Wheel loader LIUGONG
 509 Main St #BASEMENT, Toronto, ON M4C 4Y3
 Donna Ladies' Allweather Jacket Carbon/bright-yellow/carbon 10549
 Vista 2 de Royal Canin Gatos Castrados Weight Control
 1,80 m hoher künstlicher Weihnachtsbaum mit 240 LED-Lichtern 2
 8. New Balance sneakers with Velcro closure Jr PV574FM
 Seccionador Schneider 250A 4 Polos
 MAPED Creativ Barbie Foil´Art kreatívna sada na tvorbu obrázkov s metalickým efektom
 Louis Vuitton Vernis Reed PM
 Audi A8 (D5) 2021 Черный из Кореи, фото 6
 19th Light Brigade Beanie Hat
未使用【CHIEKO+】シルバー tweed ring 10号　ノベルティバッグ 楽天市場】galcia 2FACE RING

* Task requirements *
Please reproduce exactly the lines above, beginning with the first and ending with the line that contains "1,80 m hoher", and include nothing outside that range.

* Solved problem *
Wheel loader LIUGONG
 509 Main St #BASEMENT, Toronto, ON M4C 4Y3
 Donna Ladies' Allweather Jacket Carbon/bright-yellow/carbon 10549
 Vista 2 de Royal Canin Gatos Castrados Weight Control
 1,80 m hoher künstlicher Weihnachtsbaum mit 240 LED-Lichtern 2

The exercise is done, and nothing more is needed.